Марцелл: Подгнило что-то в Датском государстве(пер. М. Лозинский).
Марцелл: Какая-то в державе Датской гниль (пер. Б. Пастернак).
Королевство, государство, держава – это уж что переводчику глянется. Главное – сохранен намек на тех, кто страною управляет, а значит, племя шекспироведов (не путать с ордой пушкинистов) в принципе одобрит любой из приведенных вариантов, поскольку все они позволяют толковать диагноз честного офицера как перефраз англо-русской пословицы «Рыба гниет с головы».У французов такой пословицы нет: не то что рыбу с душком, лягушек едят! Но и мнение парижанина о Новой Франции середины XVIII века вполне в эту народную мудрость укладывается: «Передо мной край бесчестья, невежества, предубеждения, и все это с чудовищной полнотой присутствует в правительстве. Казнокрадство, монополизм и грабеж — беспредельны». Полагаю, финал бессмертной трагедии Шекспира помнят все. Стало быть, всем ясно, куда дело клонится.
С некоторым трепетом приступаю я к описанию событий, коими завершается сугубо французский период истории Канады (добавила бы – «к счастью», но боюсь выйти за рамки политкорректности). Случилось оно не вдруг.
Не стоит село без праведника
Это если принять точку зрения тех пособий, что видят генерала Монткальма (Louis-Joseph, Marquis de Montcalm-Gozon de Saint-Veran) глазами его войска: «Он пользовался заслуженной репутацией великолепного военачальника. Осторожный, но и смелый; уверенный в себе, но не безрассудный, он планировал свои действия, однако никогда не упускал возможностей, подаренных капризной военной фортуной. Образцовый командир, мудрый мыслитель, преданный офицер; милосердный, хотя и страшный противник; подлинный дворянин в мундире». Уф, выдохнула! Кто бы меня так похвалил!
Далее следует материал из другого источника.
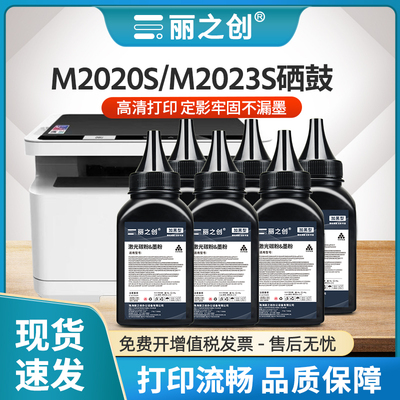 M2000S打印机T200A碳粉P2000墨粉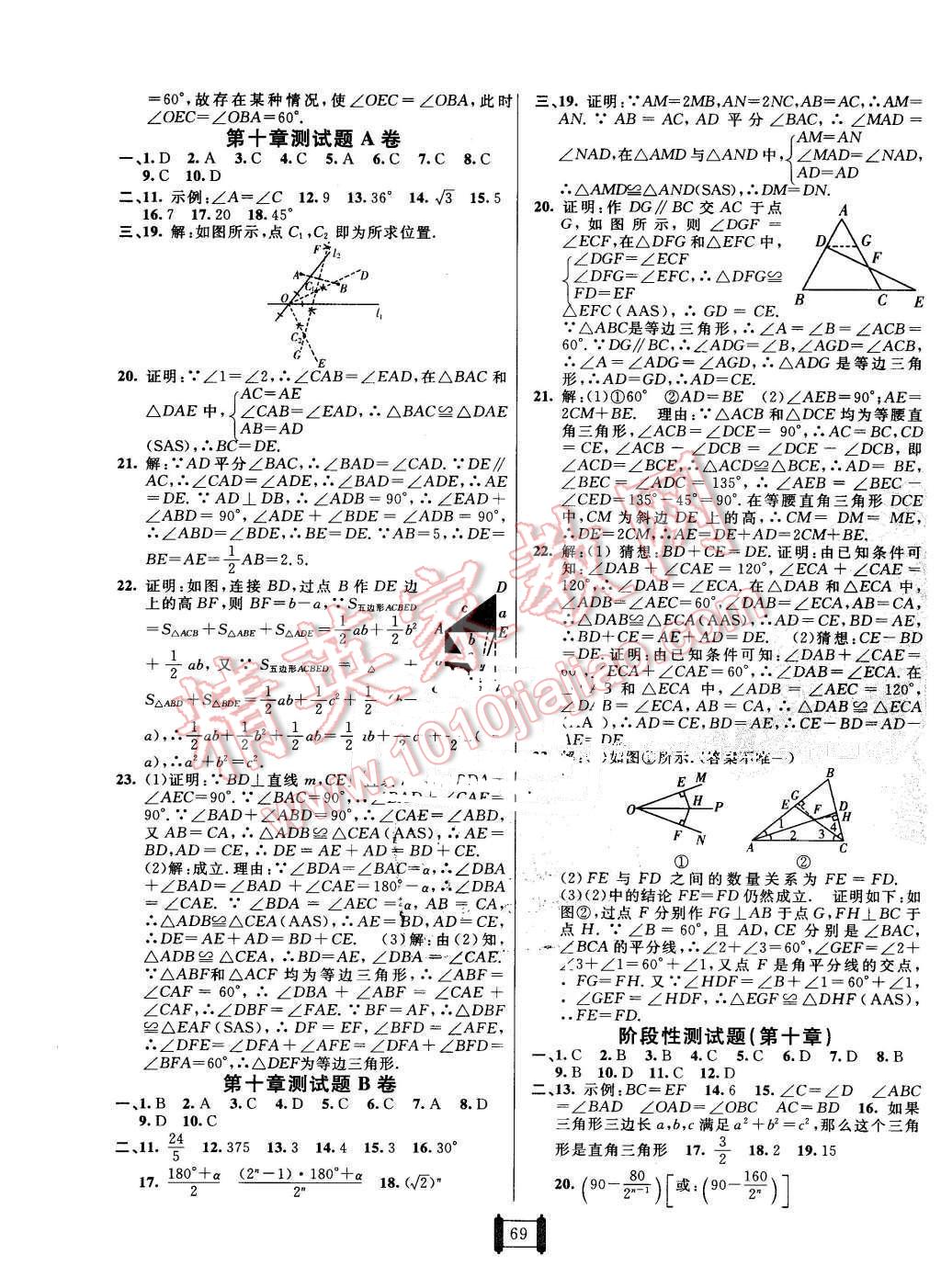 2016年海淀單元測(cè)試AB卷七年級(jí)數(shù)學(xué)下冊(cè)魯教版 第5頁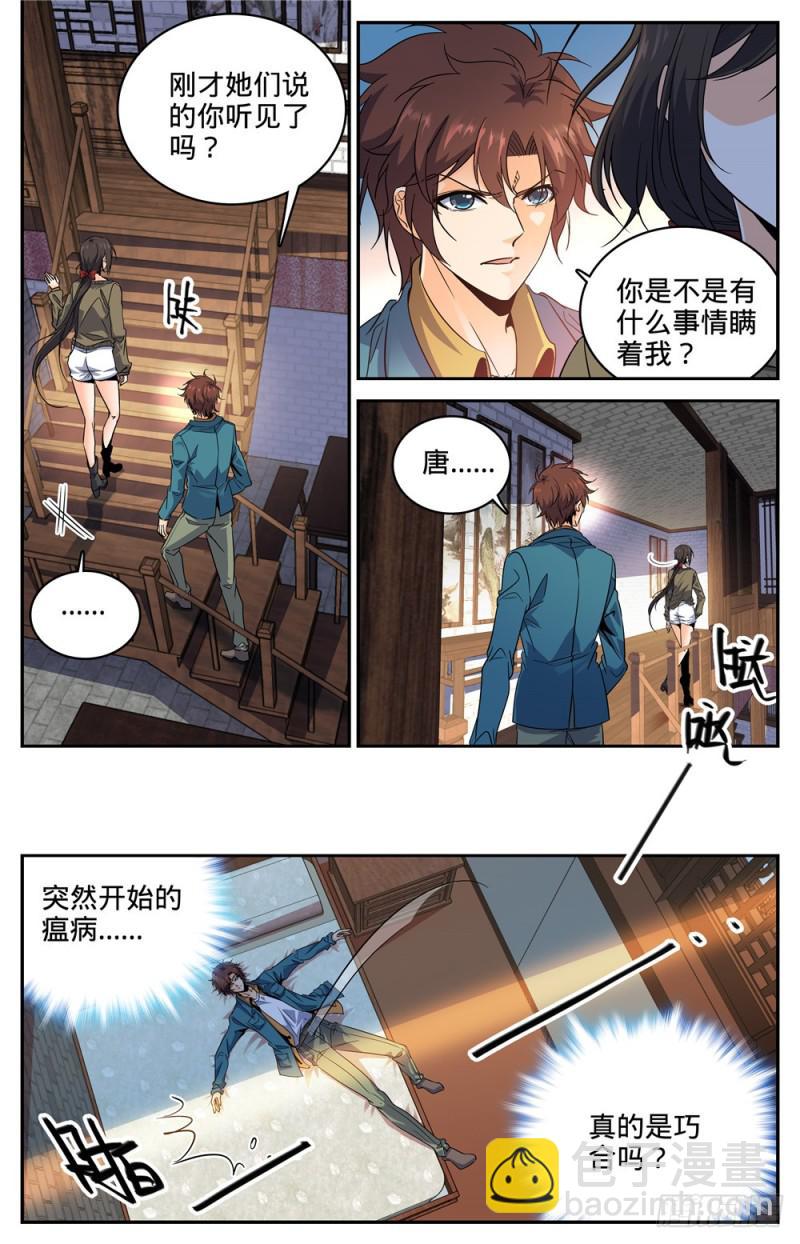 全职法师 - 第270话 瘟病 - 3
Да ведь одним праведником село не удержится. Кроме Монткальма и молящихся на него подчиненных, например, адъютанта, графа Бугенвиля (Louis Antoine de Bougainville), в Канаде образовалась, по мнению авторов сего длинного панегирика, натуральная камарилья во главе с губернатором Водреем (Pierre de Rigaud de Vaudreuil) и, надо же какое совпадение, тоже маркизом. Входили в нее и уже набивший оскомину, непотопляемый интендант Франсуа Биго, и привечаемые колониальным «двором» офицеры. Нельзя сказать, чтобы награбленное делилось поровну, но перспектива получить местечко при губернаторе рассматривалась в брачном договоре в качестве достаточного капитала со стороны жениха.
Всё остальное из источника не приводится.